- [EXERCISE BRIEF] In the listing that follows, give every line again exactly and omit the pictures.

- [MATERIAL PROVIDED]
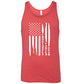 red unisex tank with a white distressed flag design in the center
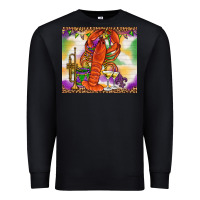 Black Mardi Gras crawfish Premium Sweatshirt - NancyCooperArtShop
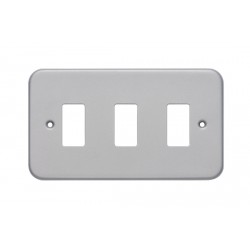 Niglon Metal Clad 3-Gang Grid Front Plate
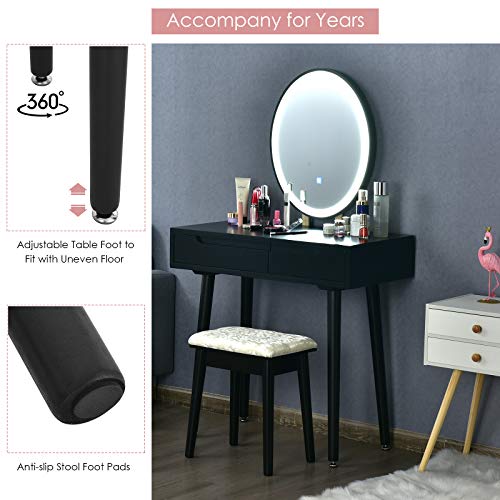 AUGESTER Vanity Set w/Screen Touch Mirror, Makeup Dressing Table w/ 3 Modes Adjustable Brightness Mirror, Cushioned Stool, 2 Sliding Drawers w/Divider, Modern Bedroom Vanity for Girls Women (White)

- [REPLY]
 red unisex tank with a white distressed flag design in the center
 Black Mardi Gras crawfish Premium Sweatshirt - NancyCooperArtShop
 Niglon Metal Clad 3-Gang Grid Front Plate
 AUGESTER Vanity Set w/Screen Touch Mirror, Makeup Dressing Table w/ 3 Modes Adjustable Brightness Mirror, Cushioned Stool, 2 Sliding Drawers w/Divider, Modern Bedroom Vanity for Girls Women (White)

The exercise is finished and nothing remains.